Data provided:
..............................

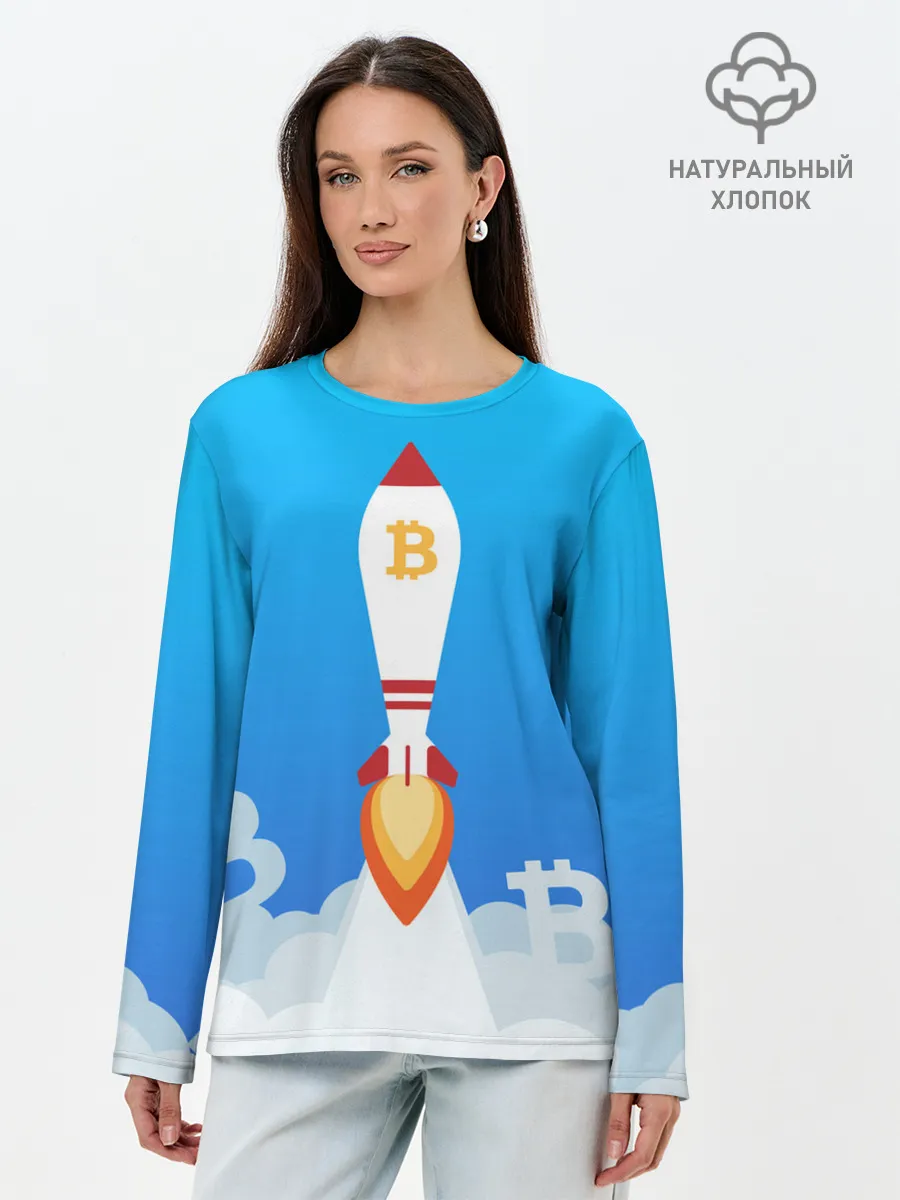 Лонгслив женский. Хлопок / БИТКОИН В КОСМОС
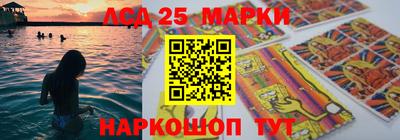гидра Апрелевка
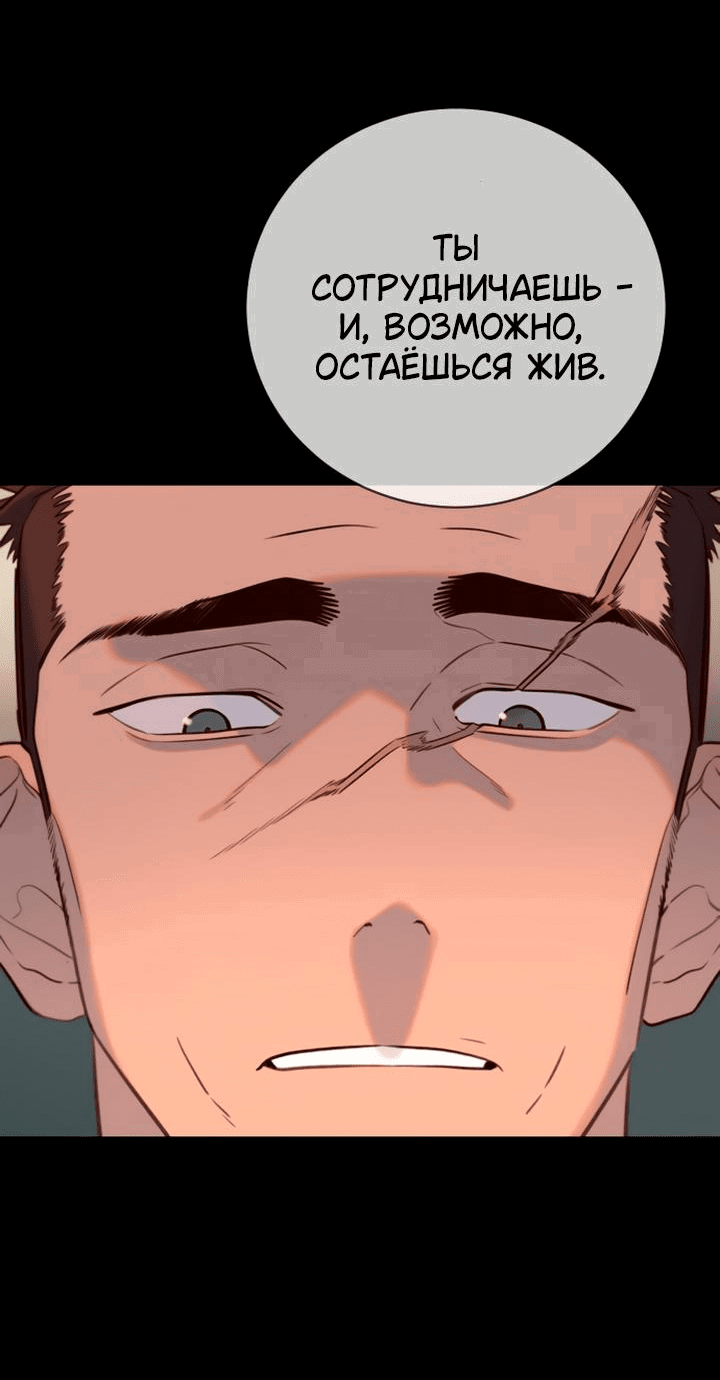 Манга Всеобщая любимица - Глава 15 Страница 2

..............................

Your assignment: Go through the material above and repeat it exactly. Omit the pictures.

Task response:
 Лонгслив женский. Хлопок / БИТКОИН В КОСМОС
гидра Апрелевка
 Манга Всеобщая любимица - Глава 15 Страница 2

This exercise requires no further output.